---- Data below

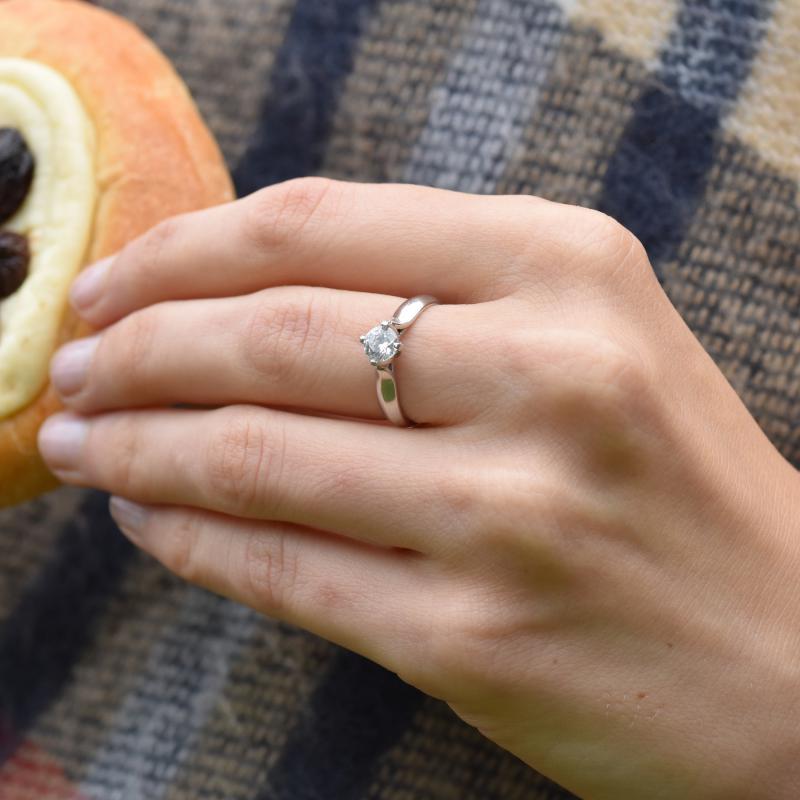 Zásnubný prsteň s diamantom 24101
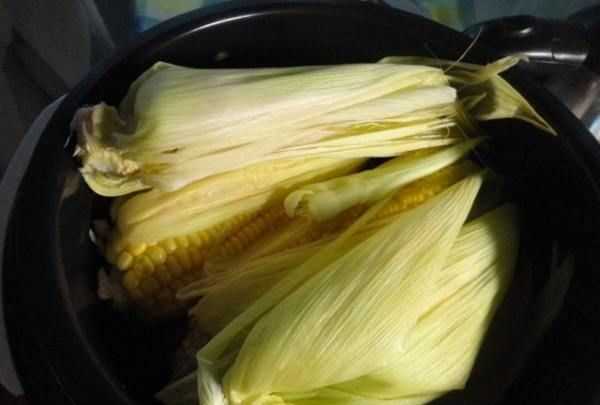 如何煮水果玉米才更甜,水果玉米怎么煮好吃又甜又香圖2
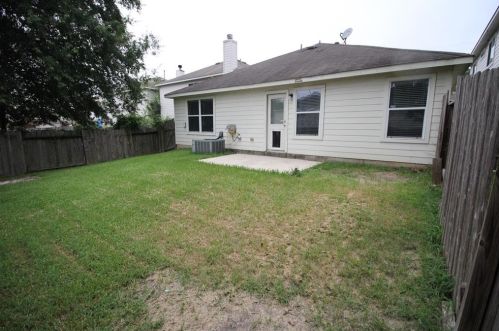 5023 Willow Point Dr, Conroe TX  77303-3078 exterior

--------

[Aim of the task] For this exercise, write out the listing verbatim and leave every image out.

[Response area]
 Zásnubný prsteň s diamantom 24101
 如何煮水果玉米才更甜,水果玉米怎么煮好吃又甜又香圖2
 5023 Willow Point Dr, Conroe TX  77303-3078 exterior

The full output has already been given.